Civil Aviation Authority of Singapore Trials Renewable Diesel for Airside Vehicles at Changi Airport

The Civil Aviation Authority of Singapore (CAAS) is working with airport stakeholders to conduct trials on the use of renewable diesel for heavy and specialised airside vehicles operating at Singapore Changi Airport, as part of its larger effort to decarbonise the Singapore aviation sector.

The trials will help Singapore develop the supply chain and procurement processes for using renewable diesel at Changi Airport and evaluate renewable diesel’s operating performance vis-à-vis conventional fossil diesel, including the requirements and frequencies of vehicular and equipment maintenance.

The trials will involve all key stakeholders operating specialised vehicles and ground support equipment at Changi Airport, including Changi Airport Group (CAG), dnata, SATS and SIA Engineering Company (SIAEC), which will work together as a community and exchange learning points.

The trials are expected to last one year and will inform deliberation on future adoption of renewable diesel to power the heavy and specialised airside vehicle types for which there are no or few viable electric options.

The trials are eligible for funding support from CAAS under the Aviation Sustainability Programme to help companies defray the cost of using renewable diesel which can be up to three times more expensive than fossil diesel, and the cost of emissions testing and logistical support.

CAAS has identified the transition to cleaner energy for airside vehicles as a key initiative under the Singapore Sustainable Air Hub Blueprint which was published in February 2024.

 Cleaner energy transition for airside vehicles is to be achieved through three main pathways: electrification, the use of biofuels, and exploring the use of hydrogen-powered airside vehicles.
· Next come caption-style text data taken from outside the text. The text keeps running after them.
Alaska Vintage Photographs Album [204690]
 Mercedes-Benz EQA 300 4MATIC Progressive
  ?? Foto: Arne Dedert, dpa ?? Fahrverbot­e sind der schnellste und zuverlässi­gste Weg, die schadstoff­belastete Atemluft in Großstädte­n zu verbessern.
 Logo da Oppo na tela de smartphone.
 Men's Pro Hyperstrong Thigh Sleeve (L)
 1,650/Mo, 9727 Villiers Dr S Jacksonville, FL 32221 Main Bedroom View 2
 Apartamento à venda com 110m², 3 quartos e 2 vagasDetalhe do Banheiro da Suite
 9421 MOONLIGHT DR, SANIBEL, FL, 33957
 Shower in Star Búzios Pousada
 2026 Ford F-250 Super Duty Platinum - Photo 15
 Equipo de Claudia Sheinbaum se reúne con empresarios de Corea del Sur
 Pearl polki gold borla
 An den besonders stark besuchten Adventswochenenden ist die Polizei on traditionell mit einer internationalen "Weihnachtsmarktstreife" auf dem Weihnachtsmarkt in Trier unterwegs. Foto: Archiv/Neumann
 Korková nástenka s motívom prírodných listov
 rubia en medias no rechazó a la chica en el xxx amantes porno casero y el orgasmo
While electrification, given its maturity and the wide availability of viable electric vehicle variants, is the main cleaner energy pathway especially for light vehicles such as cars and vans, many of the over 1,800 heavy and specialised vehicles and ground support equipment at Changi Airport airside have few viable electric options.

A key near-term decarbonisation pathway for such vehicles is the use of biofuels, and in particular renewable diesel.